Wes Riddle’s Horse Sense #440
Destruction of American Middle Class Possible Within a Decade
A new book by Tom Pauken, Bringing America Home (Rockford, Illinois: Chronicles Press, 2010) covers many varied topics ranging from the economy and foreign policy, to politics and culture. As the book’s sub-title, How America Lost Her Way and How We Can Find Our Way Back suggests, it offers a veritable platform for guiding these United States back safely as it were, through crisis and challenges, by implementing a series of common sense and traditional conservative policies. One chapter in particular makes the book entirely worthwhile, even if one reads nothing else. Namely, Chapter 5 details the ongoing destruction of the American Middle Class through both poorly devised economic policies and outright failure of political leadership in Washington.

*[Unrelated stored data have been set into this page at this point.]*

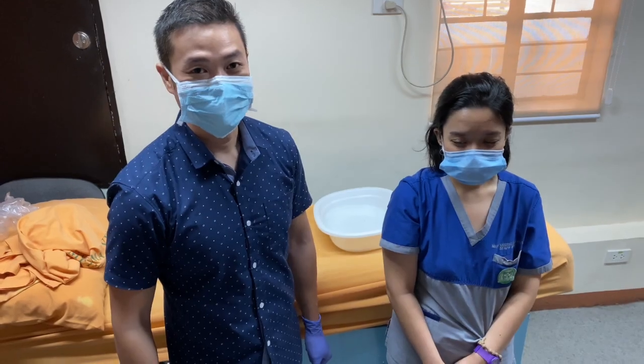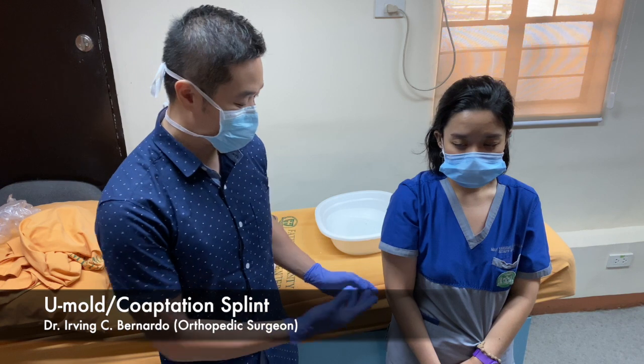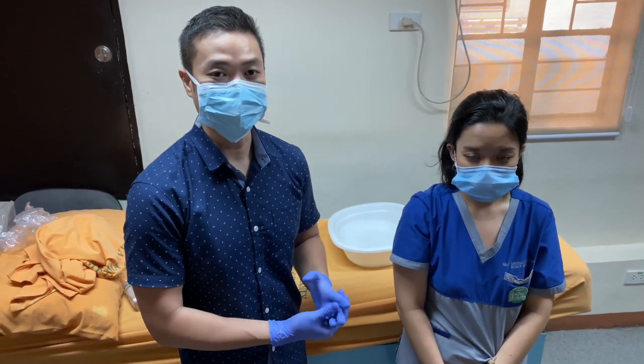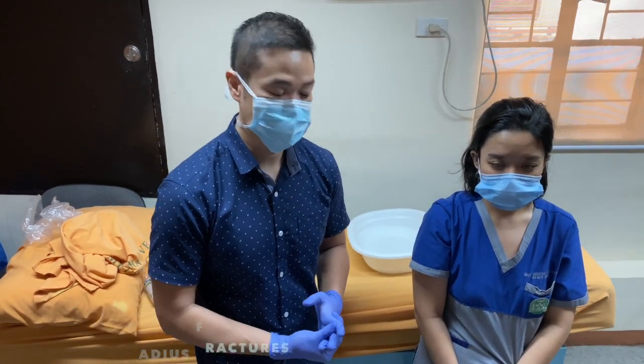We are demonstrating the procedure on how to make a U-mold — the U-mold on the forearm. You use this type of mold particularly for radius and ulna fractures, which are commonly seen in the emergency room.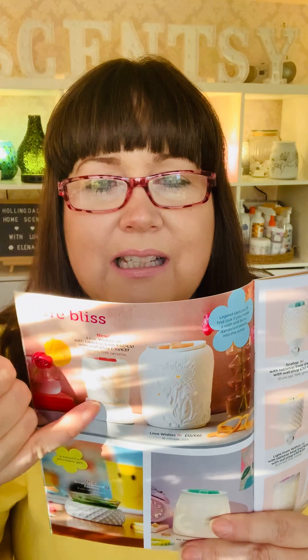Now this is right up there in kind of spring, summer. It's got an element of quite a contemporary design mixed with a little bit of traditional, but I love the sentiment behind it. It's called Love Wishes, and it's in the catalogue just in case any of you don't recognise what I'm talking about — we do it in a large, but I'm going to be showing you the smaller version, which is still gorgeous. It says: legend says, you'll find love if you make a wish and blow dandelion seeds into the wind. Who's done that before? So that's what I'm going to unbox today.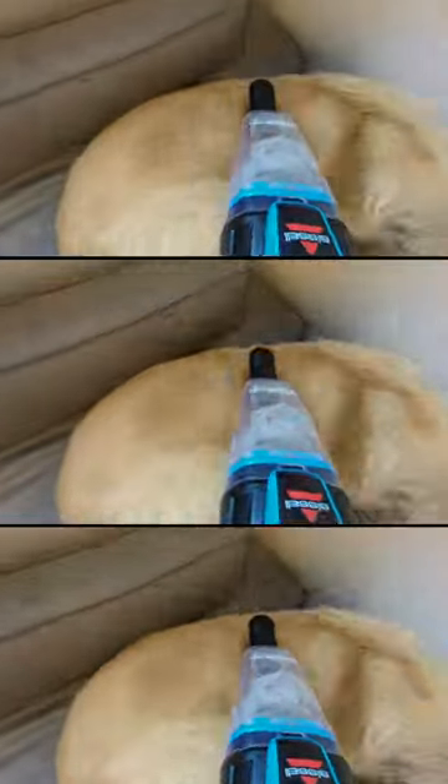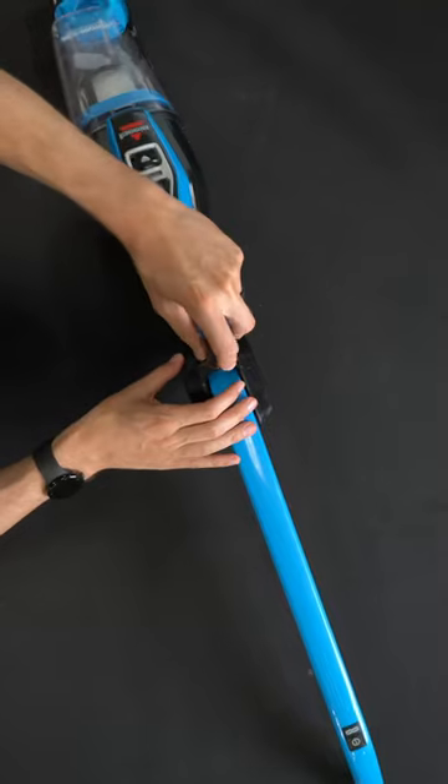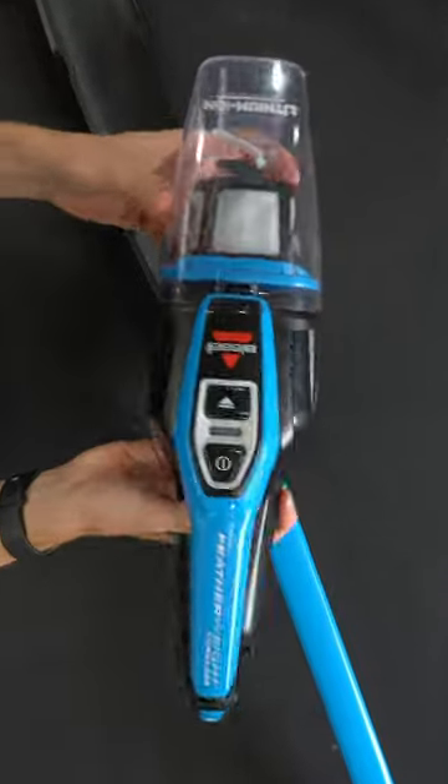Plus it comes with useful tools like the upholstery brush and crevice tool for above floor cleaning. And its built-in hand vac with easy empty dirt bin and washable filter ensures a convenient and easy clean every time.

Unlike many on the Republican side, Pauken is not a mouthpiece for big business or the corporate elite. His sentiments are with populist Main Street, admitting what many liberals have sounded from the hills for quite some time, that the rich are indeed getting richer while the Middle Class grows poor. His solution is not a resort to socialism or to government takeover, however, but a return to free market capitalism and to limited constitutional government run in the interest of Americans. Pauken explains that what has caused existential inequality, as well as the hardship on the Middle Class is not free market capitalism but a corrupted form or crony capitalism. It is the self-serving alliance between Big Government and Big Business, and between the corresponding drives for both power and profit.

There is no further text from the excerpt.